昨日のつづき。
斎染ブランドてぬぐい『ピアノ柄』の制作工程の紹介。
この『ピアノ柄』のデータをカッティングマシーンに取り込む。
3層のシール状になっている巨大なシートに切り込みが入った状態で出力されてくる。これは、すごいマシーンだ!
このような機械がなかった昔は、すべて手作業で型を切り抜いていたという話を聞いて、それもすごく気の遠くなる作業だと思った。
線だけ描いているようにしか見えないけど、ちゃんと切り込みが入っている。
このように、手作業で、上の2枚を剥がし、染料をのせたい部分は、セロファンだけにしていく。切り込みがあるので、剥がすだけの作業とはいえ、細かい柄だと、この作業にかなりの時間を費やすそうだ。今回のピアノ柄は、単純な柄なので、剥がすのは簡単と言われたが・・・緻密な作業なので、向き不向きがある作業のように感じた。
こうして、制作作業する側からみるデザインというのもあるということを知った。
ピンとシルクが張られている版に、シール状の型を貼り付けて、ようやく版が完成!
う〜ん、ここまでくるのに、予想以上に時間がかかるのね〜。。。
これは、染料の入ったバケツ。左が、顔料。気になる匂いはなく、ドロッとしているが、墨汁のように固まることはないとのこと。
染料と顔料では、仕上がりが全く違うのだそうだ。
どう違うのかということを説明していただいたのであるが、実際のところ、分かるようで分からない!

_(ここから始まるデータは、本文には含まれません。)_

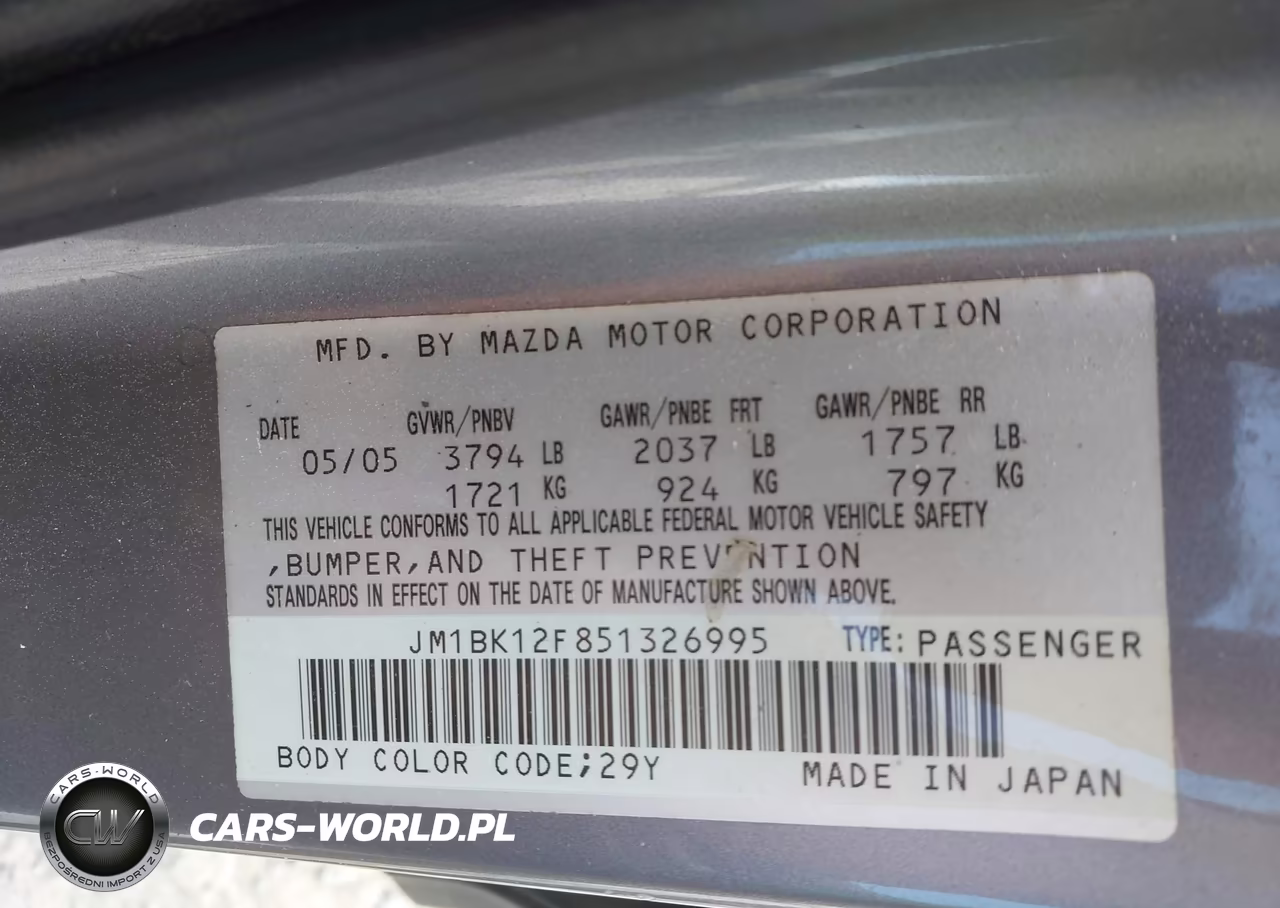2005 Mazda Mazda3 I VIN:JM1BK12F851326995 - 9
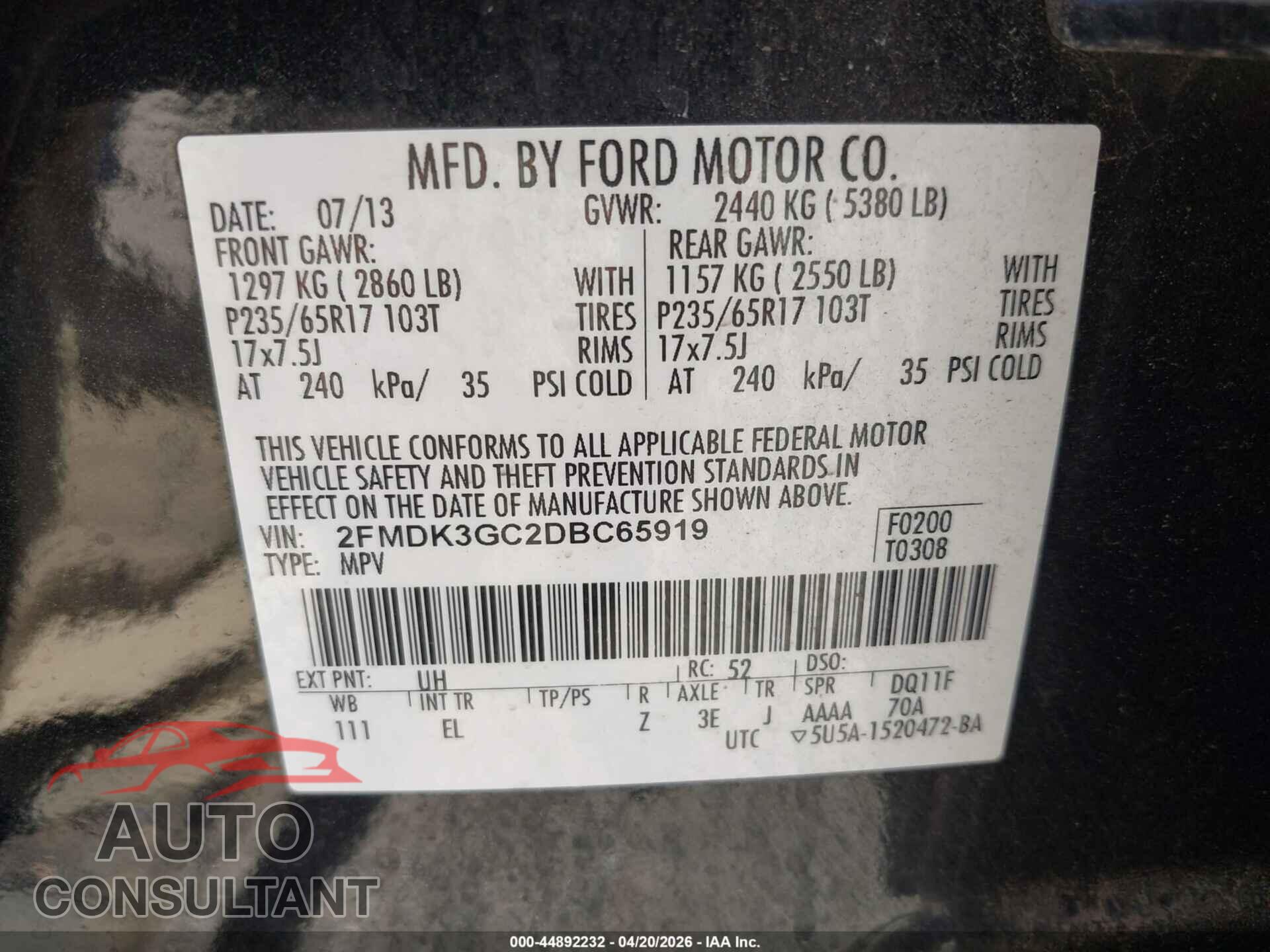 FORD EDGE 2013 - 2FMDK3GC2DBC65919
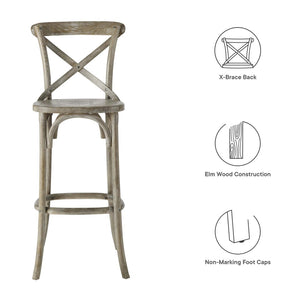 Modway Furniture Gear Bar Stool by Modway - Farmhouse Style, Durable Elm Wood, Comfortable Seating for Modern Spaces Gray EEI-5563-GRY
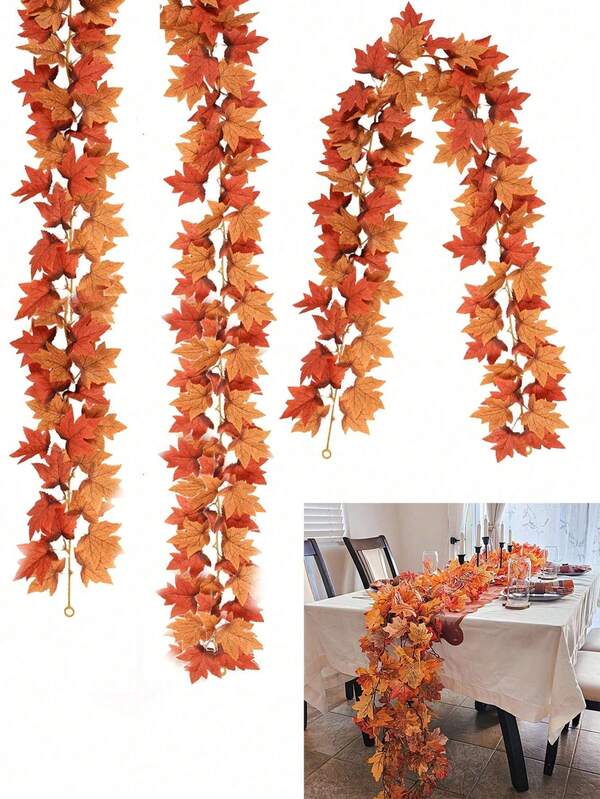 1/2 piezas Guirnalda de hojas de arce artificial, decoración de otoño Guirnalda de hojas de arce artificial con calabaza, enredaderas de hojas de arce para la cosecha de otoño, decoración de Acción de Gracias, decoración de habitaciones, chimenea, boda, patio exterior, jardín, decoración, mejor regalo de cumpleaños, decoración de otoño, otoño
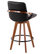 Lumisource Cosmo Counter Stool, Walnut and Black PU Leather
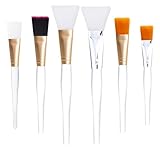 Tegelrying Facial Mask Brush,6 Pieces Soft Face Brushes Mud Mask Applicator Clear Handle for Applying Sleeping Mask,DIY Clay Mask,Body Lotion,Eye Peel Women Girls Makeup Tools,Gold and Silver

そんな私のために、今回は、染料と顔料の両方で作っていただけることになった。すみません。。。
染料を版の端に流し、スケージと呼ばれる長いゴムベラのようなもので、染料を引いて、版の上にのせていく。ここからは、満さんと奥様の美智子さんとの二人での作業となる。
スケージの棚には、大きさやゴムの固さが様々なスケージが並んでいた。その時々で、スケージを使い分けるのだそうで、この辺りは、経験を積んだ職人ならではの繊細な仕事だと思う。
まずは、捨て刷り。さらしを置く位置を決めて、裏側からも染料が染み込むようにするための工程であった。
刷り位置が決まったところにさらしを置いた画像。このようにシワにならないようにまっすぐさらしを置く技術もすごいと思った。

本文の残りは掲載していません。